I said "evidence". I didn't say "Warren Commission evidence". The House Select Committee on Assassinations did a remarkably thorough job of gathering and interpreting evidence as well. Do you know what they found? Oswald fired 3 shots from the TSBD, one of which missed and one of which was the head shot. The other caused all the other wounds.
You want to just wave away the evidence that says Oswald did it so you say the WC evidence is "questionable". Is it? Why? Because you say so? Because you don't like it? Sorry, you don't get to do that up front. You have to produce other evidence to support your theories. You don't even know what the WC says, yet you are sure it's "questionable". I think we can all see what kind "logic" that is.
The Findings:
The committee found that, to be precise and loyal to the facts it established, it was compelled to find that President Kennedy was probably killed as a result of a conspiracy. The committee's finding that President Kennedy was probably assassinated as a result of a conspiracy was premised on four factors:
1) Since the Warren Commission's and FBI's investigation into the possibility of a conspiracy was seriously flawed, their failure to develop evidence of a conspiracy could not be given independent weight.

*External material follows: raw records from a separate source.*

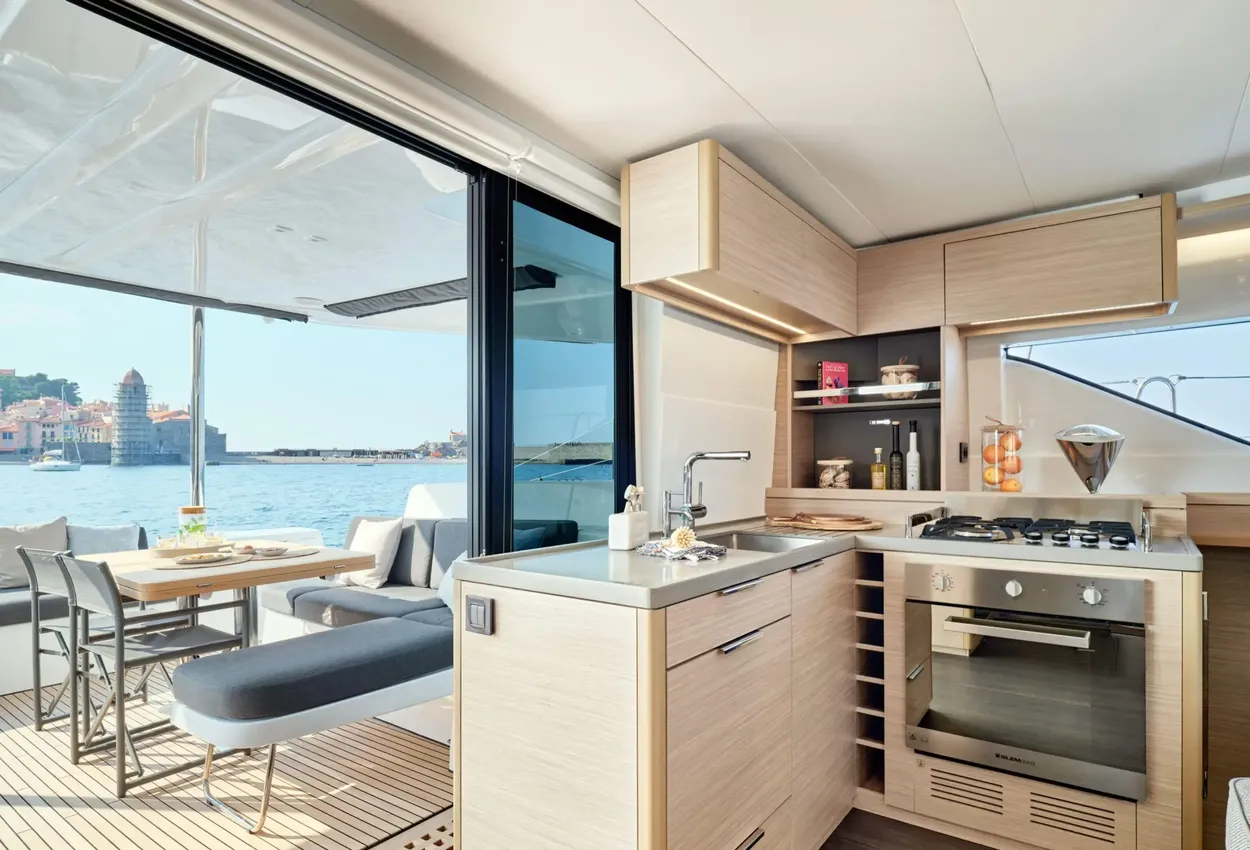 Thumbnail von Lagoon 51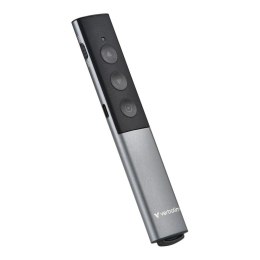 Verbatim Wskaźnik laserowy Verbatim Agenda Wireless Presenter with Red Laser Pointer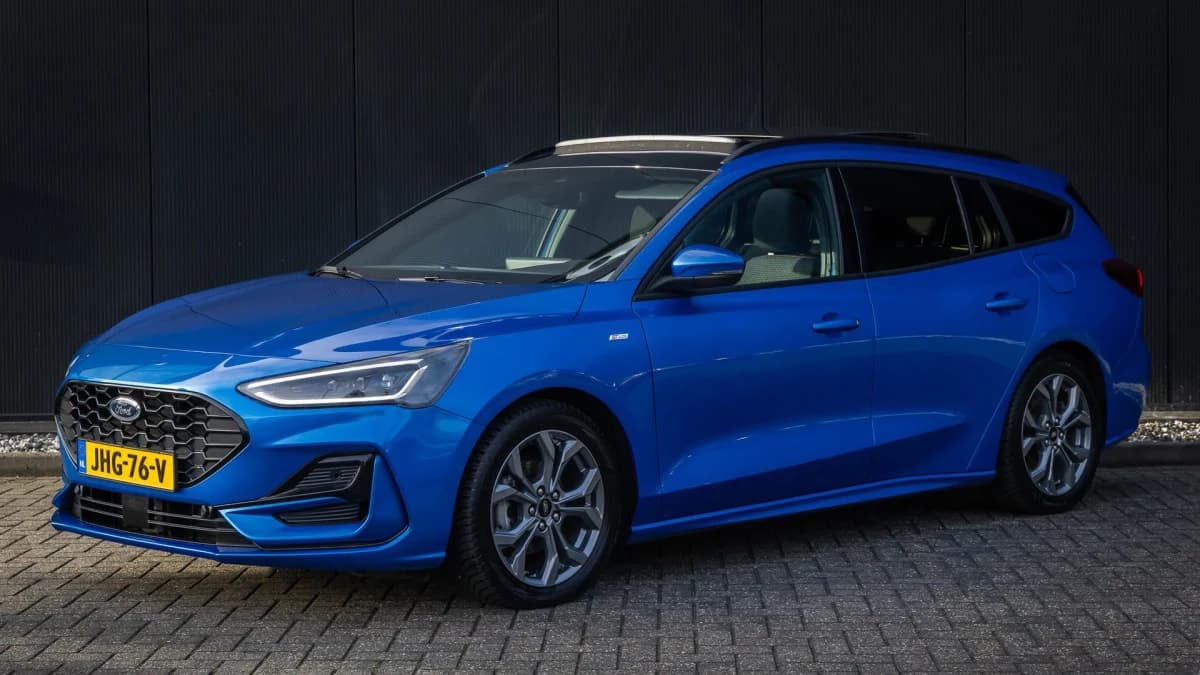 Ford Focus — foto 1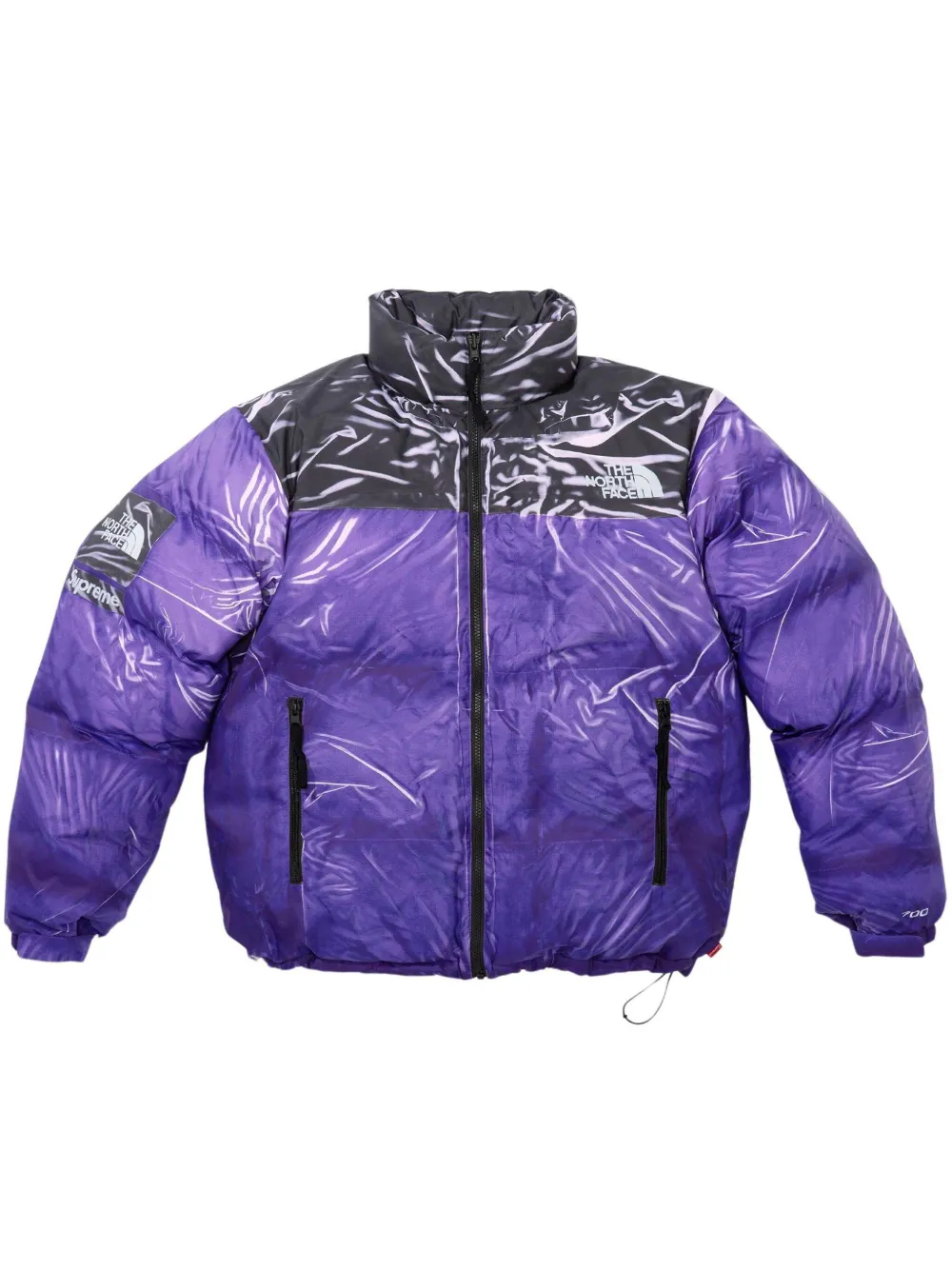 Куртка Nuptse из коллаборации с The North Face Supreme, фиолетовый
Куртка Nuptse из коллаборации с The North Face Supreme, фиолетовый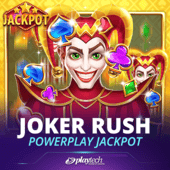 Joker Rush™ Powerplay Jackpot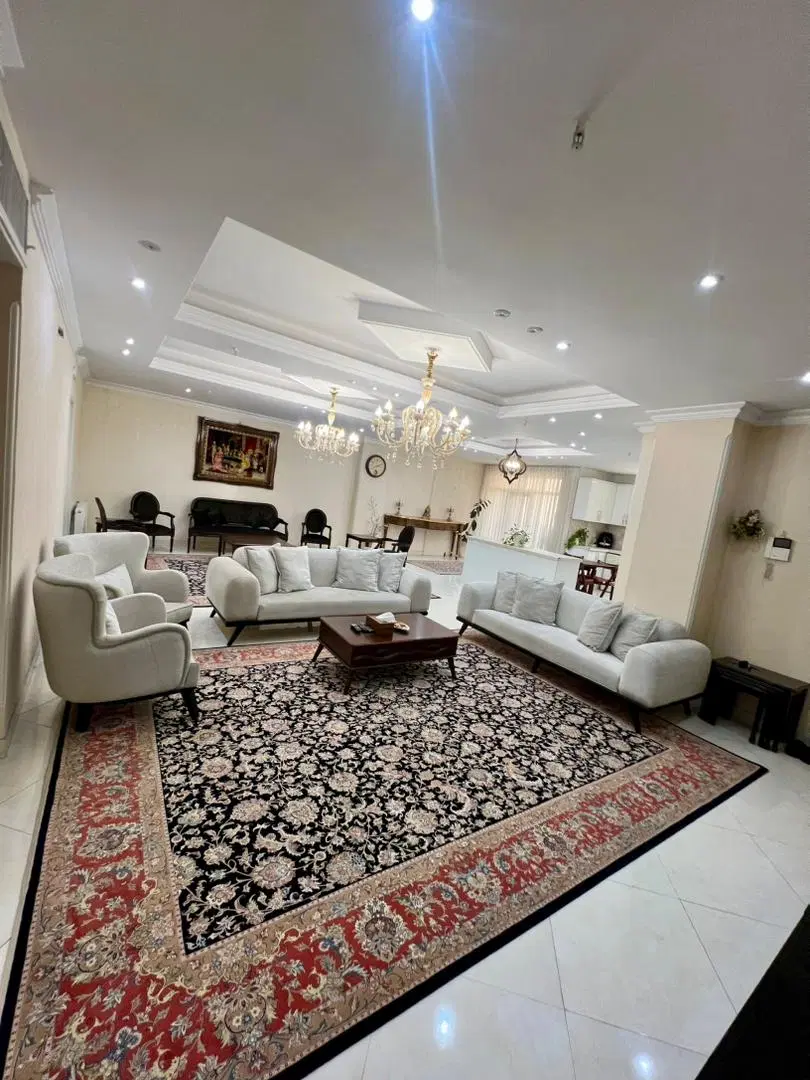 آپارتمان  دو خواب اجاره شهرک ولیعصر خ بازرگان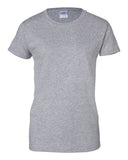 Ladies' Ultra Cotton T-Shirt with Tear Away Label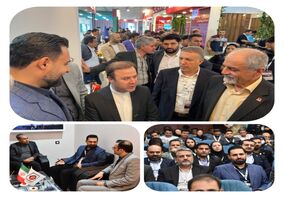 حضور پُر‌رنگ فولاد ارفع در کنفرانس فولادسازی و ریخته گری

2) The Warren Commission was, in fact, incorrect in concluding that Oswald and Ruby had no significant associations, and therefore its finding of no conspiracy was not reliable.
3) While it cannot be inferred from the significant associations of Oswald and Ruby that any of the major groups examined by the committee were involved in the assassination, a more limited conspiracy could not be ruled out.
4) There was a high probability that a second gunman, in fact, fired at the President. At the same time, the committee candidly stated, in expressing its finding of conspiracy in the Kennedy assassination, that it was "unable to identify the other gunman or the extent of the conspiracy."